- Bill Guerin says re-signing Quinn Hughes is the Wild’s top offseason priority
- Hughes can hit unrestricted free agency after the 2026-27 season
- Read below for Guerin’s full quote, the press conference video, and what comes next
Bill Guerin isn’t being cute about it.
The Wild GM made it clear Monday at Minnesota’s season-ending media availability that getting Quinn Hughes signed to an extension sits at the very top of the offseason to-do list. Guerin called it “priority one” and didn’t bother sugarcoating any of it.

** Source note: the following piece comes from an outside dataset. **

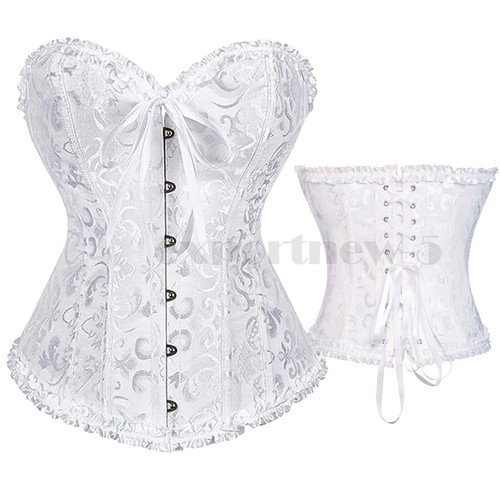 Women lace boned overbust - lace, up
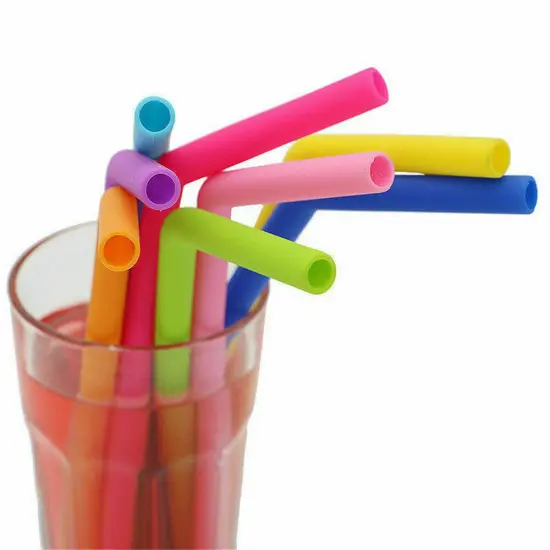 Kitcheniva Reusable Silicone Drinking Straws Straight & Bend {2}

Let’s Play Hockey grabbed the key line:
Guerin also reminded everyone that nothing has to happen tomorrow.
“These are things that take time and I think everybody needs a little bit of time to decompress,” he said, “but that’s priority (No.) 1.”
Watch the full Guerin and Hynes press conference:
There’s exactly one year left on the six-year, $47.1 million deal Hughes signed with Vancouver back in 2021. He can become an unrestricted free agent after the 2026-27 season, which is exactly why Minnesota wants paperwork done sooner rather than later.
Minnesota paid a steep price to get him. Guerin shipped Zeev Buium, Marco Rossi, Liam Ohgren and a 2026 first-rounder to the Canucks on Dec. 12 to land the 26-year-old defenseman.
It paid off in a hurry. Hughes put up 53 points (5 goals, 48 assists) in 48 regular-season games with the Wild, then tied Kirill Kaprizov for the team postseason lead at 15 points in 11 games. He averaged 30:57 of ice time per playoff game, a workload number you almost never see in the modern game.
Brock Faber also benefited from the Hughes effect. The 22-year-old posted a career-high 51 points playing on the top pair next to him.
“I thought ‘Fabs’ immediately got better,” Guerin said. “I don’t know exactly what it was, but it was almost like Fabs saw Quinn playing and to me, it was like he said, ‘Oh wow, you can do that stuff as a defenseman.’”
Hughes already opened the door on his end Friday at break-up day. The Norris winner told reporters he’d “definitely be open to re-signing” and that going into next year with a deal done “would be better.”
Extensions can be signed starting July 1.